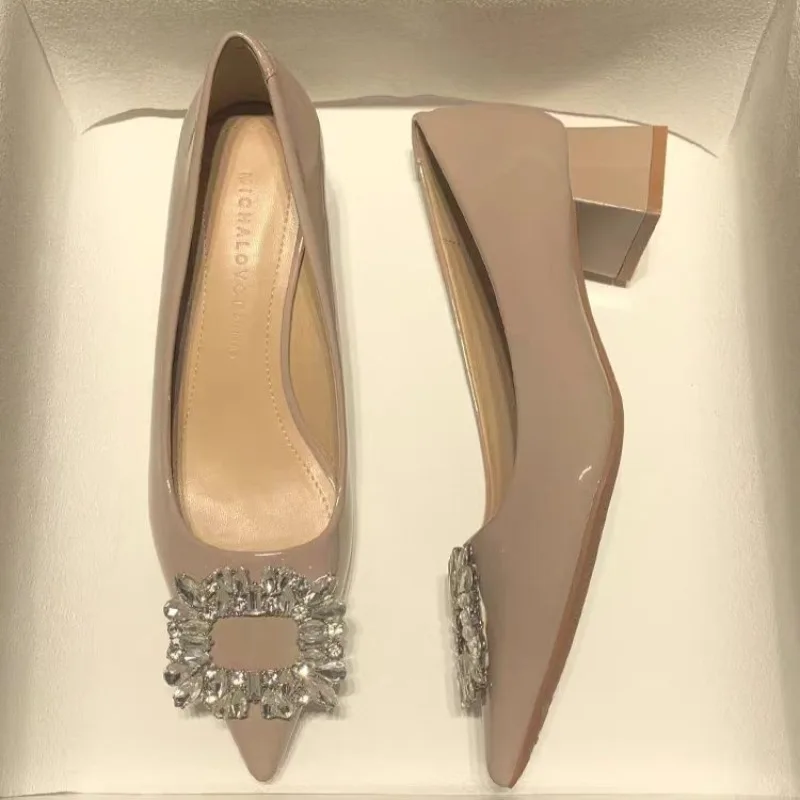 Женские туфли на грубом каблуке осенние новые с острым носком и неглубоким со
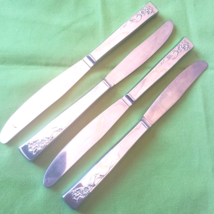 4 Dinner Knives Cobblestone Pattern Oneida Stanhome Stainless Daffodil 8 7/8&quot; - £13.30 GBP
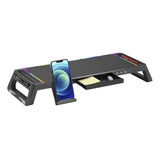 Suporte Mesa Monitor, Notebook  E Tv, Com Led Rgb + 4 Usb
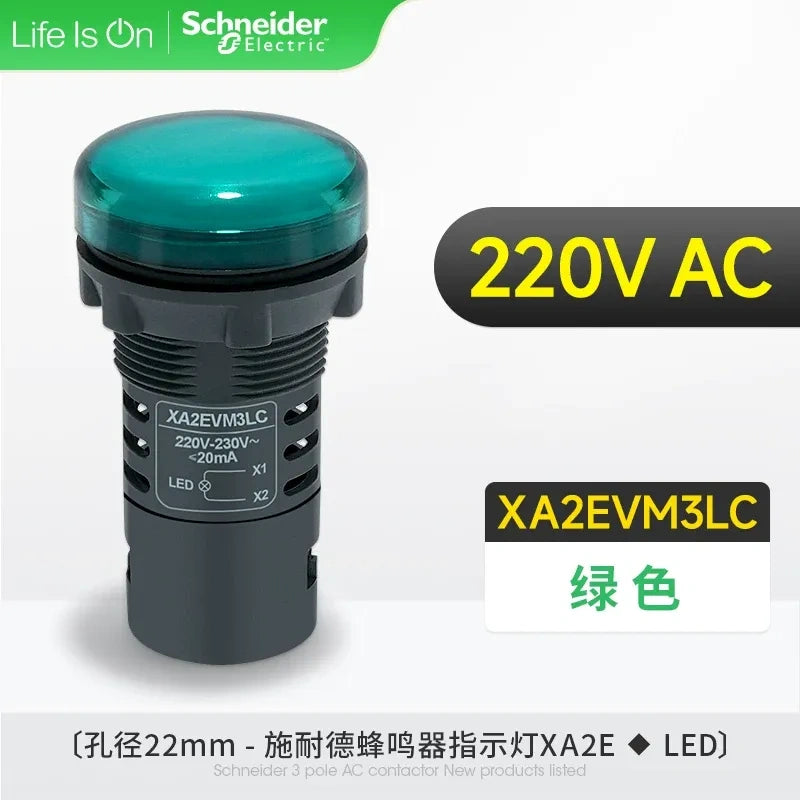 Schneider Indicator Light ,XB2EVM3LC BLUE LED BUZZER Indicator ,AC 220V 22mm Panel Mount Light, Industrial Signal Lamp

*What the task requires*
Take the lines from the one holding "Suporte Mesa Monitor, Notebook" through the last line of the data above and copy them exactly, both ends included, omitting all pictures.

*Answer to this problem*
 Suporte Mesa Monitor, Notebook  E Tv, Com Led Rgb + 4 Usb
 Schneider Indicator Light ,XB2EVM3LC BLUE LED BUZZER Indicator ,AC 220V 22mm Panel Mount Light, Industrial Signal Lamp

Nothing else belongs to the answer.